From: Ming Lei <ming.lei@redhat.com>
To: Caleb Sander Mateos <csander@purestorage.com>
Cc: Christoph Hellwig <hch@infradead.org>,
Jens Axboe <axboe@kernel.dk>,
"Mohamed Abuelfotoh, Hazem" <abuehaze@amazon.com>,
"linux-block@vger.kernel.org" <linux-block@vger.kernel.org>
Subject: Re: [PATCH] block: use plug request list tail for one-shot backmerge attempt
Date: Tue, 17 Jun 2025 10:36:06 +0800 [thread overview]
Message-ID: <aFDUlnKVHLJC6VuE@fedora> (raw)

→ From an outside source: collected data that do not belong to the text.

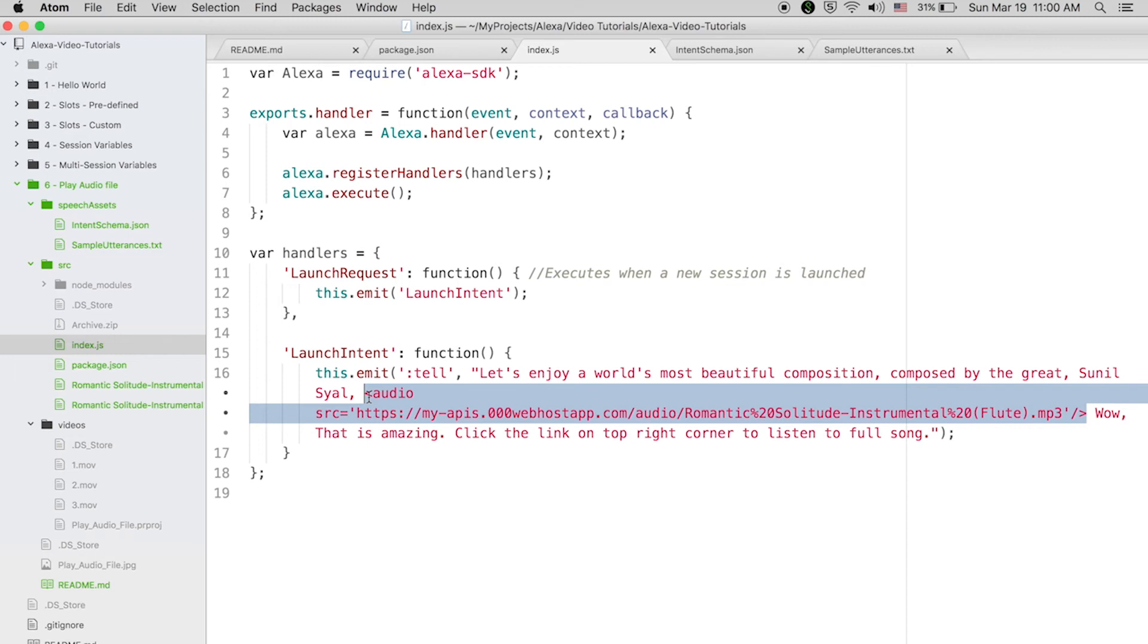Wow, that is amazing! Click the link on top right corner to listen to full song. So you can see it is so easy to include audio response in your Alexa skill.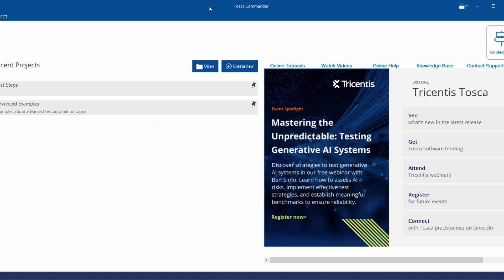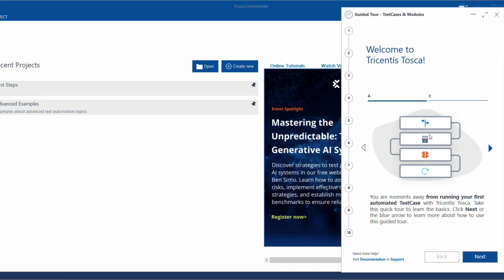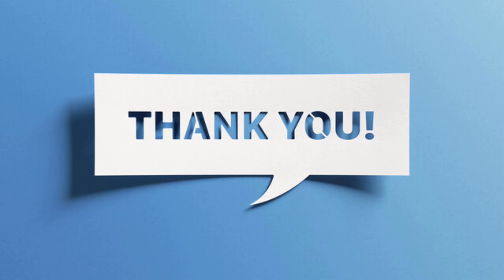After login, the Tosca Commander page will be opened. If you want to create a new project and get some idea of how to use it, you can click the Guided Tour, which will show the full details and step-by-step procedure on how to create a project. Or you can refer to my next video, where I am going to show how to test a website using a simple login page as an example. Thank you.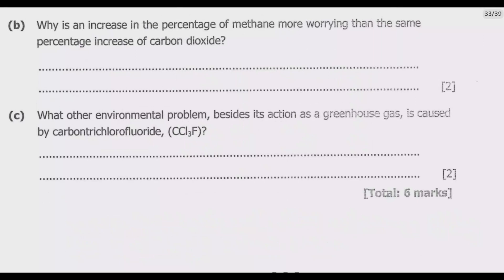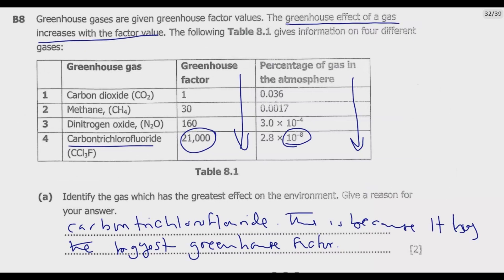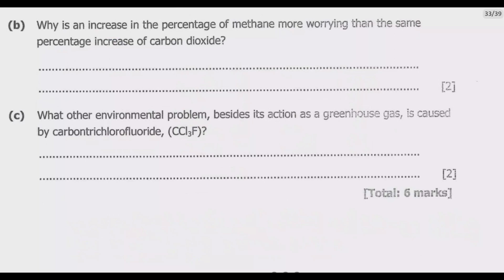Question B: Why is an increase in the percentage of methane more harmful than the same percentage increase of carbon dioxide? We need to look at the greenhouse factor. Carbon dioxide has a factor of one, so a small increase in methane means a greater increase in damage because methane has a higher greenhouse factor.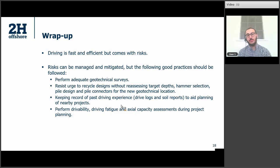The next question: is tip resistance affected by setup, or is it only the shaft resistance that is increased during the setup process? That's a really good question — it is just the skin friction. The end bearing is not affected at all by setup.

In-Reply-To: <CADUfDZqie84nJeBVJn94UvYqNhY73n41L+tbXOnXdMBqesLDWA@mail.gmail.com>
On Mon, Jun 16, 2025 at 09:01:54AM -0700, Caleb Sander Mateos wrote:
> On Mon, Jun 16, 2025 at 6:11 AM Christoph Hellwig <hch@infradead.org> wrote:
> >
> > On Thu, Jun 12, 2025 at 06:28:47AM -0600, Jens Axboe wrote:
> > > But ideally we'd have that, and just a plain doubly linked list on the
> > > queue/dispatch side. Which makes the list handling there much easier to
> > > follow, as per your patch.
> >
> > Quick hack from the weekend. This also never deletes the requests from
> > the submission list for the queue_rqs case, so depending on the workload
> > it should touch either the same amount of less cache lines as the
> > existing version. Only very lightly tested, and ublk is broken and
> > doesn't even compile as it's running out space in the io_uring pdu.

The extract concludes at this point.